Childhood emotional neglect is particularly difficult to spot. Unlike trauma or abuse, it is not blatantly inflicted upon someone; instead, it is more often about something missing from the child’s upbringing. And how are you supposed to know, as a child, that you grew up missing something?
Parents and caretakers can model healthy emotional management when they notice, acknowledge, validate and discuss their child’s feelings. This modeling, in turn, normalizes the emotional process and helps them grow adequately equipped to face and manage their feelings.
Childhood emotional neglect occurs in the absence of this normalization process. It will typically linger if it remains unaddressed and has the power to taint relationships well into adulthood. The irony also resides in the fact that there is no place for blame. More often than not, it is passed down from one generation to the next. Parents or caretakers, in most cases, are not aware that they are insufficiently catering to their child’s emotional needs. But being unaware does not take away from its impact on a child’s emotional health.

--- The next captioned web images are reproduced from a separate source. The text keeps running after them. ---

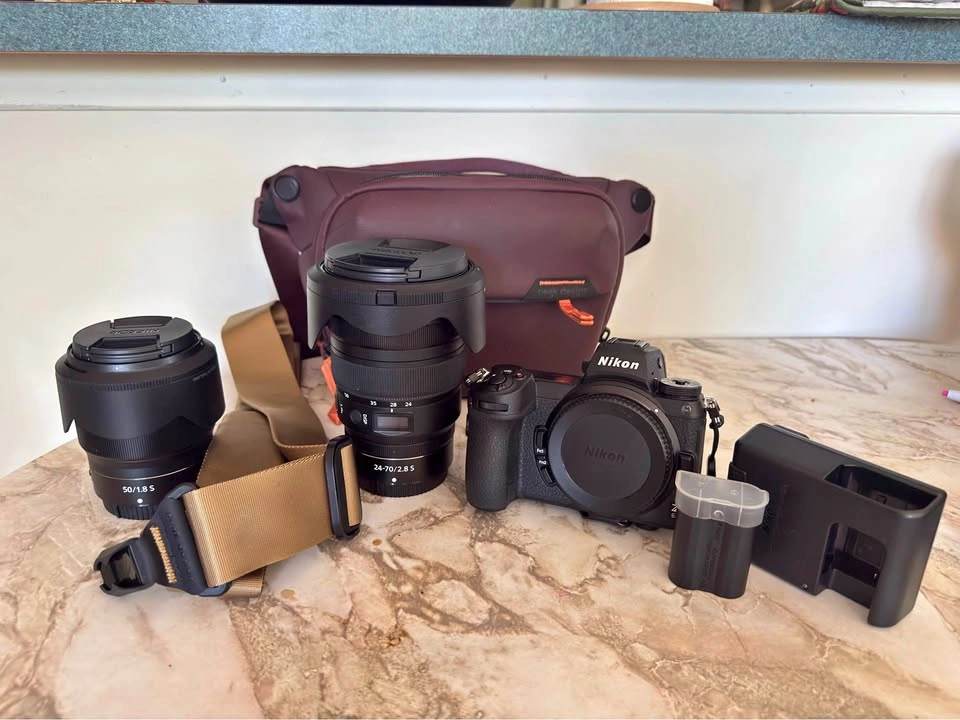 Nikon Z6ii + 2 lenses + Peak Design strap and sling bag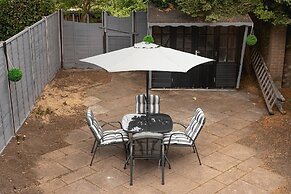 Skyvillion - Cozy 2 Bed Cottage In East Finchley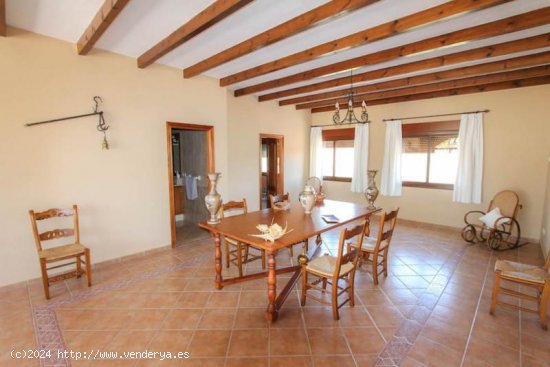 Villa en venta en Guaro (Málaga)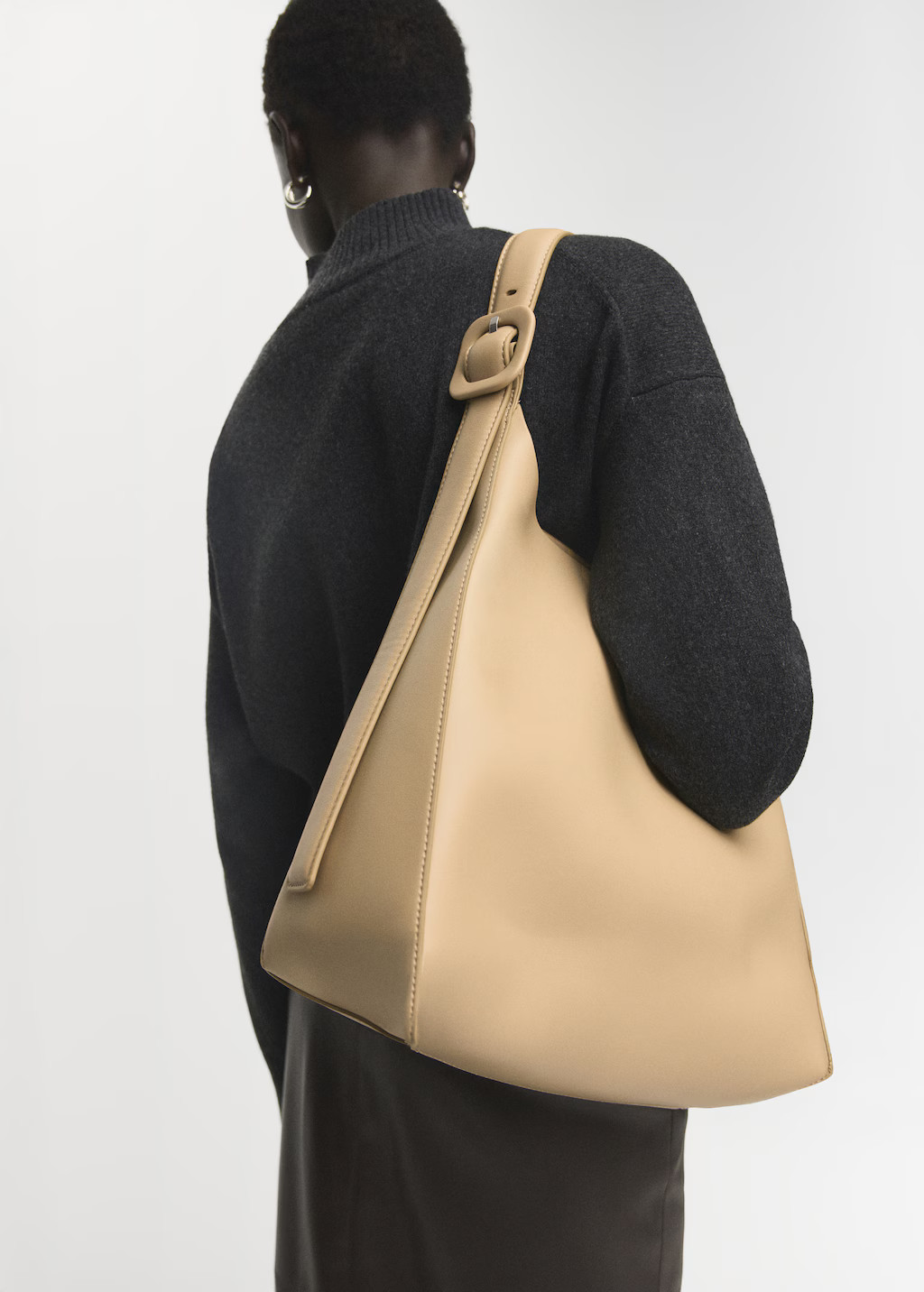 Bucket-Tasche in Leder-Effekt | Mango EU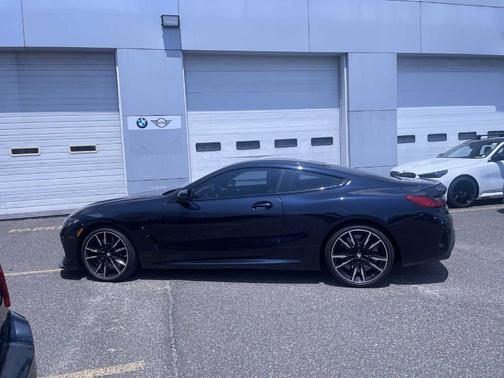 2025 BMW M850 i xDrive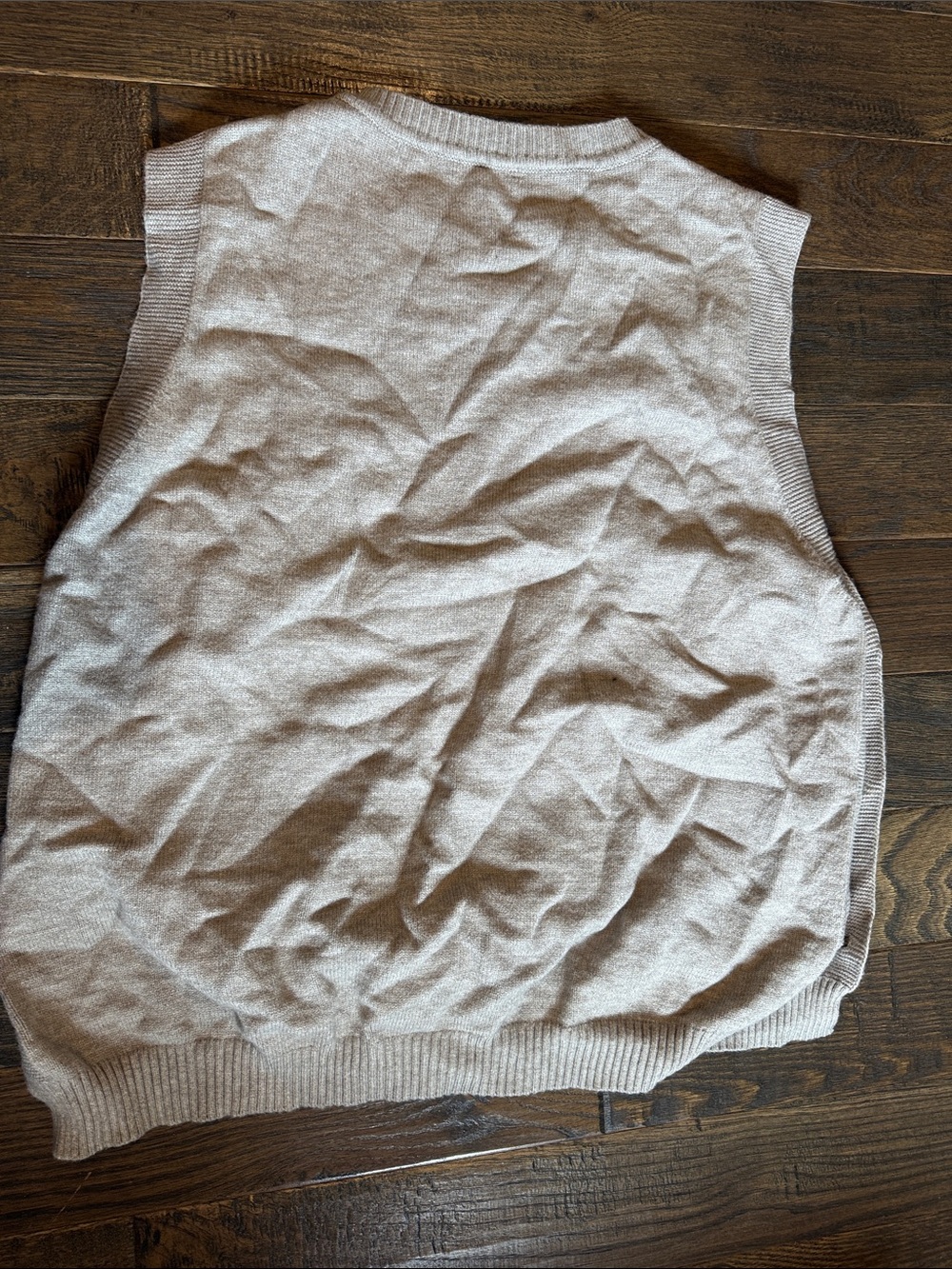 Women's Side-Button Sleeveless Sweater Vest in Taupe - Picture 4 of 4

Some telltale signs of childhood emotional neglect can include, (only to name a few):
- Discomfort with the expression of feelings from self or others
- An internal conviction of being inexplicably flawed
- A tendency to berate oneself and lean towards guilt and shame
- A lack of understanding of how feelings work (spotting them upon trigger, naming them to oneself and others, and managing them constructively) A chronic feeling of emptiness or numbness
The impact on adult relationships
Emotional awareness is a necessary component of relationships. It allows both parties to support and understand each other and fosters a general sense of connectedness and security. If one of the partners suffers from unresolved childhood emotional neglect, this can lead to one or both partners feeling emotionally « lonely » in the relationship, which can be pretty daunting. From an interpersonal perspective, it’s like being separated from everyone else by a wall that you can feel but cannot see because you don’t know what you’re looking for. This is what makes it so pernicious: how can you tackle something you never learned how to recognize in the first place?

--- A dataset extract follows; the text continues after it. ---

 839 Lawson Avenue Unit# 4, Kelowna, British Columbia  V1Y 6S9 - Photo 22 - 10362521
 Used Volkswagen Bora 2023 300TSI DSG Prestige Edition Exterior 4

However, not all hope is lost for those of us who grew up without emotional education and guidance. We are not sentenced to lead emotionally vacant lives. We should not settle for this; what’s more, we do not have to experience it alone. Emotional awareness and connectedness are not something you have or don’t have; they are a set of skills you can foster in your life. Just like the muscles in your body, it’s something you build and get better at every day with continuous practice.
Healing from childhood emotional neglect
1) Educate yourself: The first step to emotional healing is to acquire the necessary knowledge to unlearn destructive cycles. In other words, it is about parenting yourself and providing your inner child with the comfort and validation essential to thrive emotionally. This is an ongoing journey, and the goal is to strive toward progress rather than perfection.

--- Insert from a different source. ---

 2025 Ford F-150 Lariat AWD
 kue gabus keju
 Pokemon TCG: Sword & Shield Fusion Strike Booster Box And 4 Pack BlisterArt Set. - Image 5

2) Drop the labels: Practical measures like learning to identify and name your emotions, and embracing them, can go a long way. Dropping the harmful labels, we grew up learning is also extremely helpful. There are no “good” or “bad” emotions; all emotions ought to be accepted, funneled, and regulated and altogether make up a rich and meaningful life.
3) Validate and share: It is essential to validate your feelings as much as possible and communicate them to yourself and others. You feel the things you feel for a reason, and that is okay!
4) Ask for help: You can and should, of course, turn to family, friends, mental health professionals, or anyone you trust and feel safe to engage with.
There is no shortage of ways to learn about and express our emotions. Soon enough, you can start to reap the benefits of your newly acquired emotional growth and perhaps even share your skills with others. For those of us who have or plan to have children of our own, this is an invaluable opportunity to pass their knowledge onto future generations by modeling a healthy expression of emotions.